Finding polar and cartesian form for this power

[charmedbeauty]

Homework Statement

((-1+i)/(√2))^1002
find polar and cartesian form

Homework Equations

The Attempt at a Solution

So I started by finding |z|=1

and Arg(z)= arctan (-1) = 5pi/6

so 1^(1002)*e^(i*5pi/6)*1002 =1*e^(i*835pi)

but that's as far as I got because the answer says -i, but to get that term I need 1*e^-ipi/2

any thoughts??

 

[HallsofIvy]

Your main problem is that arctan(-1) is NOT 5\pi/6!

Calculate that again.

 

[charmedbeauty]

Your main problem is that arctan(-1) is NOT 5\pi/6!

Calculate that again.

I was assuming since the original eqn has a negative real part then I would add Pi/2 since the angle is measured from 0.
Although I am getting 3pi/4 now

 

[NewtonianAlch]

Well, yes (3pi)/4 is the angle you're looking for since this is in the second quadrant.

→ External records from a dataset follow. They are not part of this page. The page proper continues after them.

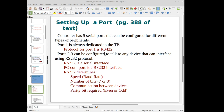The controller also has serial ports for communications — either an RS-422 or an RS-232 serial port.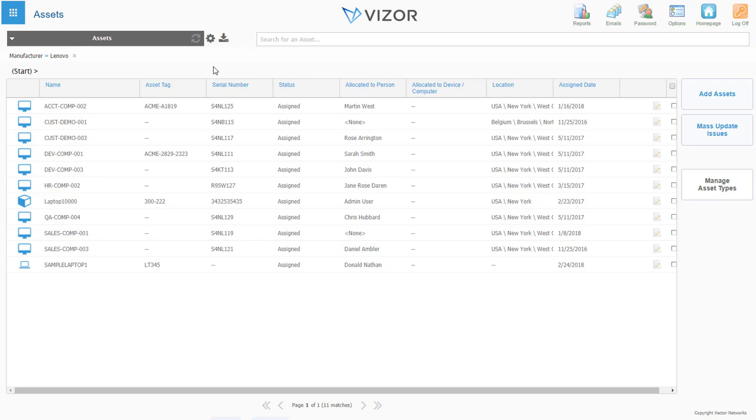like Microsoft SCCM or Landsweeper or even just a spreadsheet, Vizor will simply integrate with them, so no additional agent deployment is required.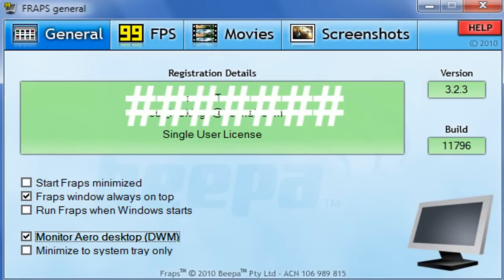Hello and welcome to my setup of Fraps. This is a tutorial for Vista and Windows 7 users only. If you have Windows XP you will have an entirely different Fraps than I do. But let's go through the settings and we can sort this out.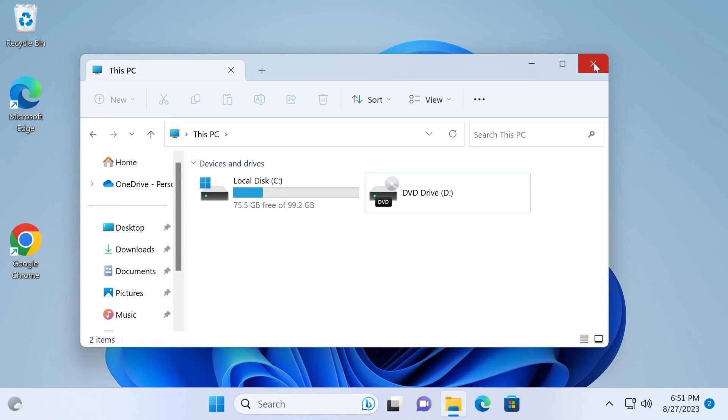After adding a new hard disk to your PC, the first thing you need to do is initialize your new hard drive before making new partitions. This process ensures that your computer recognizes the hard drive and prepares it for use. Let's go through the steps together.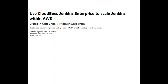Good afternoon everyone, and welcome to this webinar on using CloudBees Jenkins Enterprise to scale Jenkins within AWS, with guest speaker Adrian Waters, Solutions Architect at CloudBees. This webinar is hosted by eSynergy Solutions. We specialise in open source and cloud recruitment and help organisations build great technical teams. If you have any questions for Adrian, please fire them over via the questions box and he will answer them at the end. This session is being recorded and we will send a copy to you by email tomorrow.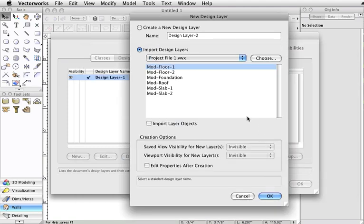If you have a design layer in the file that you're importing into with the same name as the file you're importing from, the design layer will not be available for import.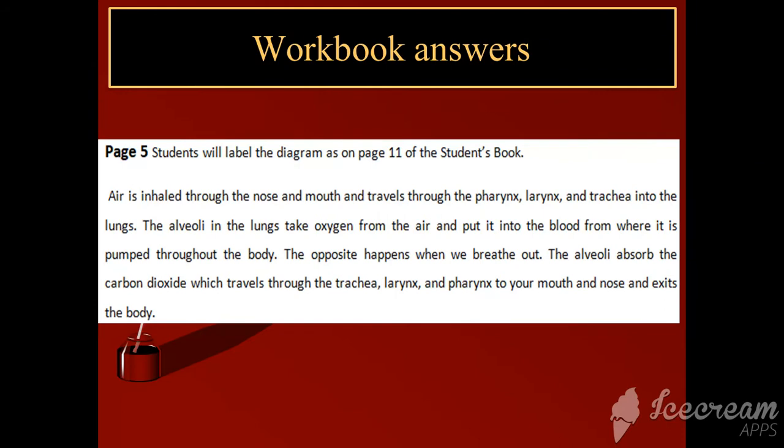Then the alveoli in the lungs take oxygen from the air and put it into the blood, from where it is pumped through the body.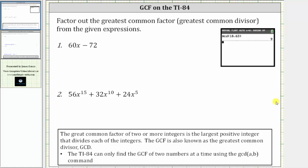This video will show how to determine the greatest common factor of two or three integers, to help factor out the greatest common factor from given expressions. The greatest common factor of two or more integers is the largest positive integer that divides each of the integers. The GCF is also known as the greatest common divisor, or GCD.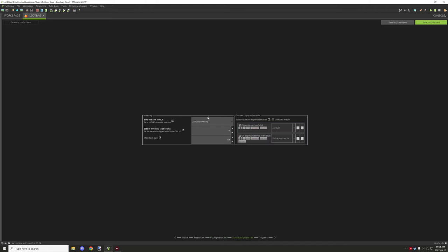In Advanced Properties we've assigned the loot table inventory GUI and linked it here so it works properly. We've set the number of slots to nine, which must match the GUI exactly. The maximum stack size should be 64 — you can adjust this, but for storage use it's best to keep the default. It doesn't have custom dispense properties, so we don't need to worry about that.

You have got |z|, and now you have the angle.

Put it into exponential form to the power of 1002, and simplify it to get the angle in terms of a principal argument.

 

[charmedbeauty]

Well, yes (3pi)/4 is the angle you're looking for since this is in the second quadrant.

You have got |z|, and now you have the angle.

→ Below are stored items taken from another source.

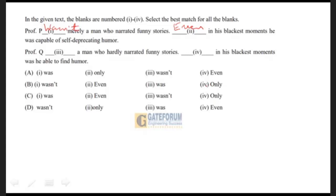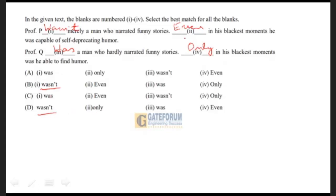Next: 'Professor Q. [blank 3] a man who hardly narrated funny stories.' This would be: 'Professor Q was a man who hardly narrated funny stories.' Then: '[blank 4] in his blackest moments, was he able to find humor.' Since he hardly narrated funny stories, only in his blackest moments was he able to find humor. So the blanks in order are: wasn't, even, was, only. Option number B is the right option.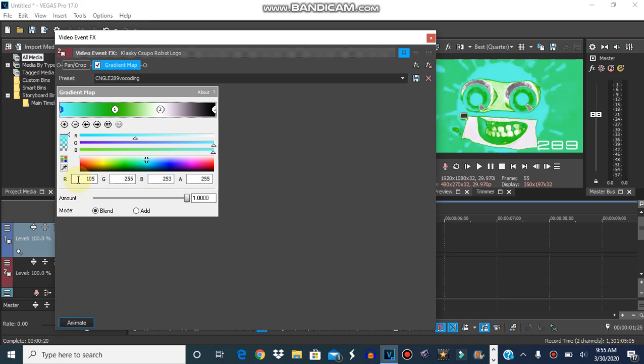For this one, the red will be 105, the green will be 255, and the blue will be 255.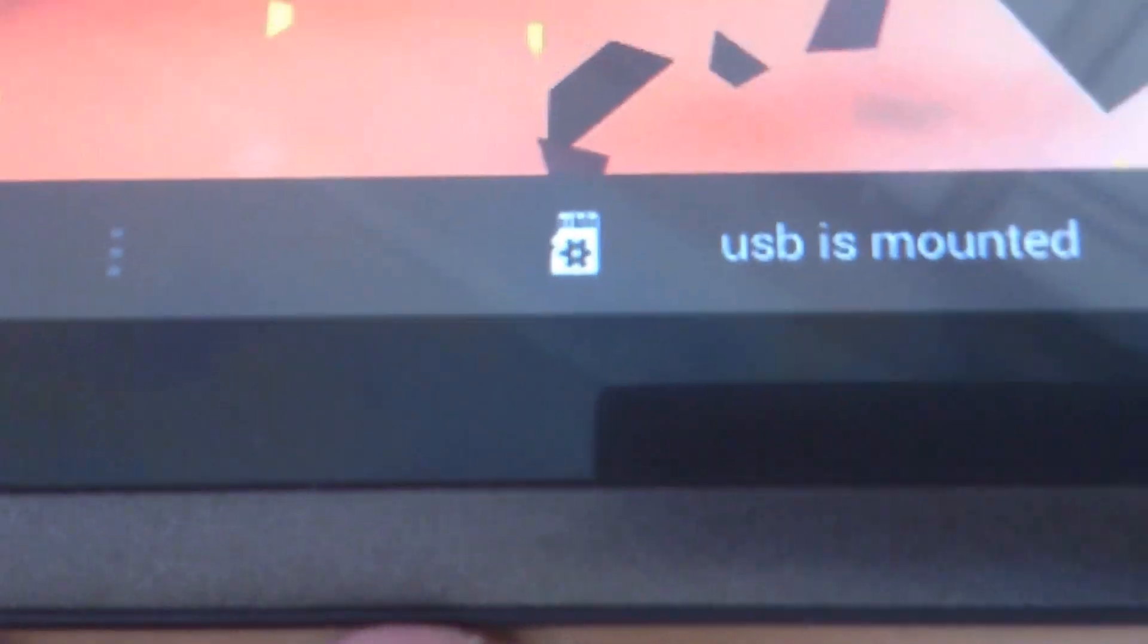USB is mounted. This message comes when we connect the cable. Now we can use file manager.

Put it into exponential form to the power of 1002, and simplify it to get the angle in terms of a principal argument.

Ok so now I have 1^1002*(cos 3Pi/4+isin3Pi/4)

= 1*(0)=0 how do they get the minus i?

 

[NewtonianAlch]

Ok so now I have 1^1002*(cos 3Pi/4+isin3Pi/4)

= 1*(0)=0 how do they get the minus i?

How did you get 0 for (cos 3Pi/4 + isin 3Pi/4) ?

Also, you have forgotten to raise that to the power.

 

[charmedbeauty]

How did you get 0 for (cos 3Pi/4 + isin 3Pi/4) ?

Also, you have forgotten to raise that to the power.

isnt cos 3pi/4=-0.7...

and sin 3pi/4=0.7...

 

[NewtonianAlch]

isnt cos 3pi/4=-0.7...

and sin 3pi/4=0.7...

Yes, but you have a complex number there.

-0.707 +0.707i

You can't add them just like that.

What of the 1002? You need to account for that too.